Tigers’ Lorenzen displays diverse arsenal, cerebral approach in win over Yankees

Detroit News

Tampa – Aaron Judge was dancing off second base. Right-hander Michael Lorenzen, making his spring debut for the Tigers Friday night against the Yankees’ A-team, had already made one pickoff attempt and Judge seemingly was trying to bait him into using his second and last move in the at-bat.

Lorenzen, in his ninth season, came set and then held the ball. The pitch clock ticked down inside 10 seconds, five seconds. Judge was frozen in place and with three seconds left, Lorenzen released the pitch.

Run game controlled.

“It’s kind of a different game now,” said Lorenzen, who the Tigers signed this offseason for $8.5 million. “You are watching runners, giving your looks, picking off to second. It was perfect. I got everything thrown at me…I enjoy it. It’s fun to play that game.

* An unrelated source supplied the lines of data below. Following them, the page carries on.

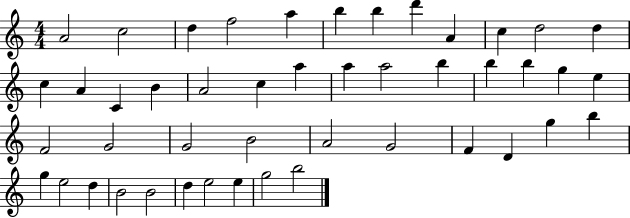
{
  \clef treble
  \numericTimeSignature
  \time 4/4
  \key c \major
  a'2 c''2 | d''4 f''2 a''4 | b''4 b''4 d'''4 a'4 | c''4 d''2 d''4 | \break c''4 a'4 c'4 b'4 | a'2 c''4 a''4 | a''4 a''2 b''4 | b''4 b''4 g''4 e''4 | \break f'2 g'2 | g'2 b'2 | a'2 g'2 | f'4 d'4 g''4 b''4 | \break g''4 e''2 d''4 | b'2 b'2 | d''4 e''2 e''4 | g''2 b''2 | \break \bar "|."
} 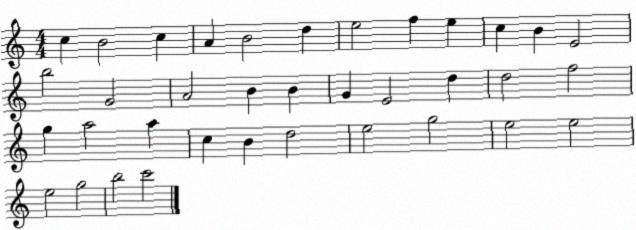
X:1
T:Untitled
M:4/4
L:1/4
K:C
c B2 c A B2 d e2 f e c B E2 b2 G2 A2 B B G E2 d d2 f2 g a2 a c B d2 e2 g2 e2 e2 e2 g2 b2 c'2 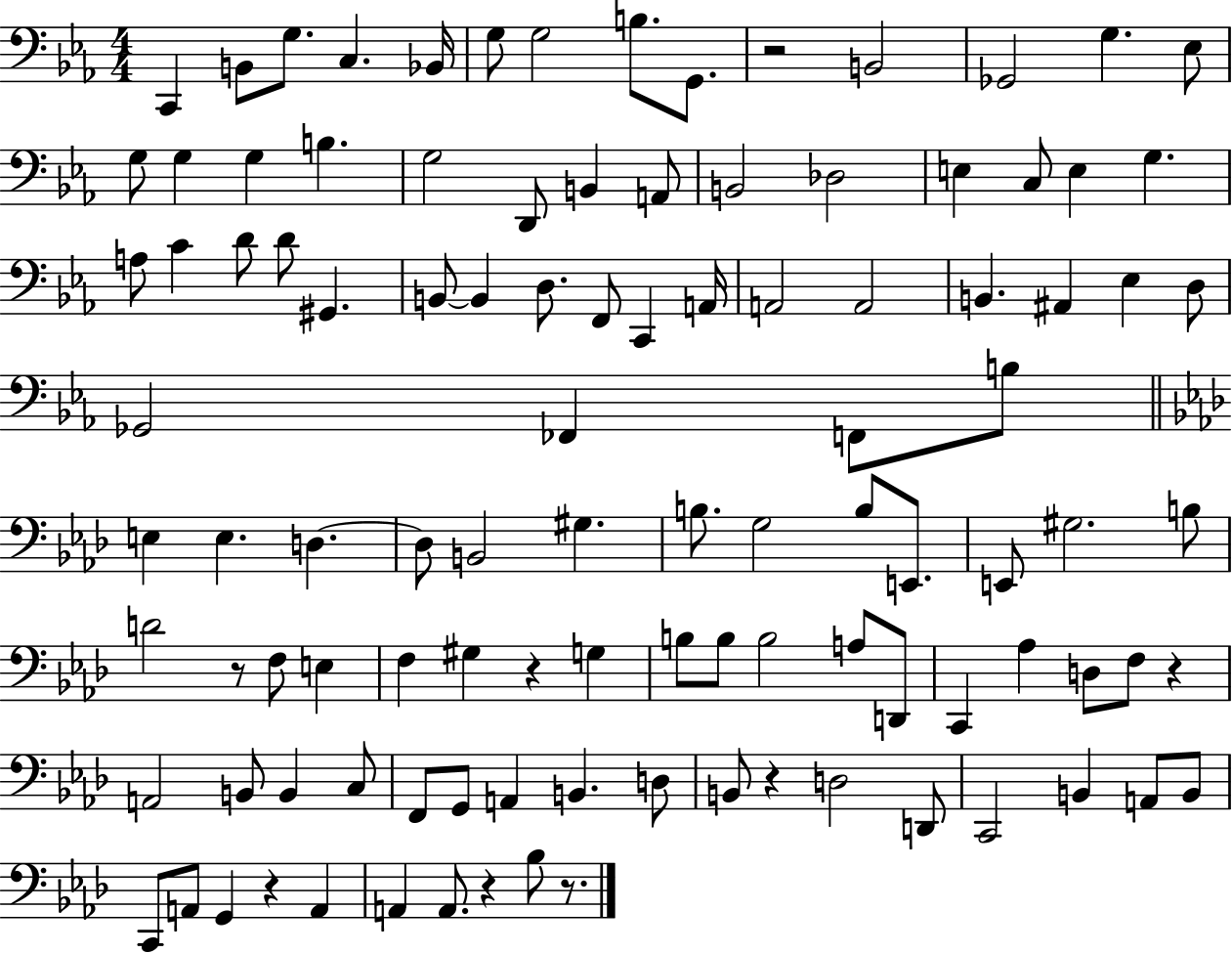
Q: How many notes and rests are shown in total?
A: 107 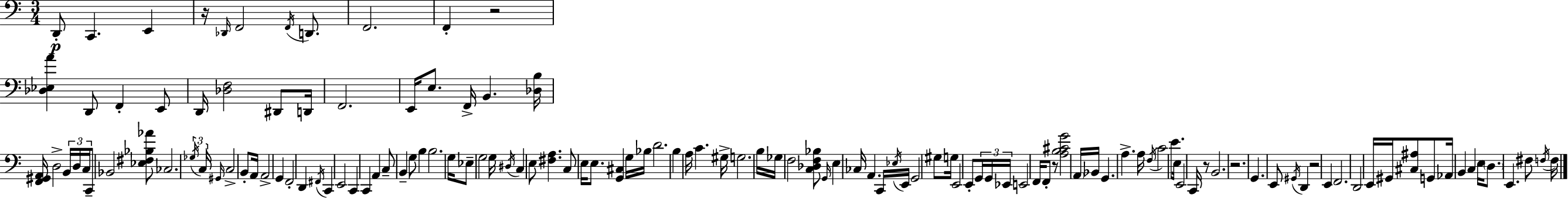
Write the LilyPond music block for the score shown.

{
  \clef bass
  \numericTimeSignature
  \time 3/4
  \key c \major
  \repeat volta 2 { d,8-.\p c,4. e,4 | r16 \grace { des,16 } f,2 \acciaccatura { f,16 } d,8. | f,2. | f,4-. r2 | \break <des ees a'>4 d,8 f,4-. | e,8 d,16 <des f>2 dis,8 | d,16 f,2. | e,16 e8. f,16-> b,4. | \break <des b>16 <f, gis, a,>16 d2-> \tuplet 3/2 { b,16 | d16 c16 } c,8-- bes,2 | <ees fis bes aes'>8 ces2. | \tuplet 3/2 { \acciaccatura { ges16 } c16 \grace { gis,16 } } c2-> | \break b,8-. a,16 a,2-> | g,4 f,2-. | d,4 \acciaccatura { fis,16 } c,4 e,2 | c,4 c,4 | \break a,4 c8-- b,4-- g8 | b4 b2. | g16 ees8-- g2 | g16 \acciaccatura { dis16 } c4 e8 | \break <fis a>4. c8 e16 e8. | <g, cis>4 g16 bes16 d'2. | b4 a16 c'4. | gis16-> g2. | \break b16 ges16 f2 | <c des f bes>8 \grace { g,16 } e4 ces16 | a,4. c,16 \acciaccatura { ees16 } e,16 g,2 | gis8 g16 e,2 | \break e,8-. \tuplet 3/2 { g,16 g,16 ees,16 } e,2 | f,16 f,8-. r8 <a b cis' g'>2 | \parenthesize a,16 bes,16 g,4. | a4.-> a16 \acciaccatura { f16 } c'2 | \break e'8. e16 e,2 | c,16 r8 b,2. | r2. | g,4. | \break e,8 \acciaccatura { gis,16 } d,4 r2 | e,4 f,2. | d,2 | e,16 gis,16 <cis ais>8 g,8 | \break aes,16 b,4 c4 e16 \parenthesize d8. | e,4. fis8 \acciaccatura { f16 } f16 } \bar "|."
}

“I put it in my head that I am going to use the clock to my advantage and see how I can manipulate time and do different things like that.”

Lorenzen is going to be a fascinating watch this season. He’s got a seven-pitch mix and a cerebral approach to pitching. He can yo-yo hitters out of their rhythm just as he paralyzed Judge at second base by holding the ball and varying his times to the plate.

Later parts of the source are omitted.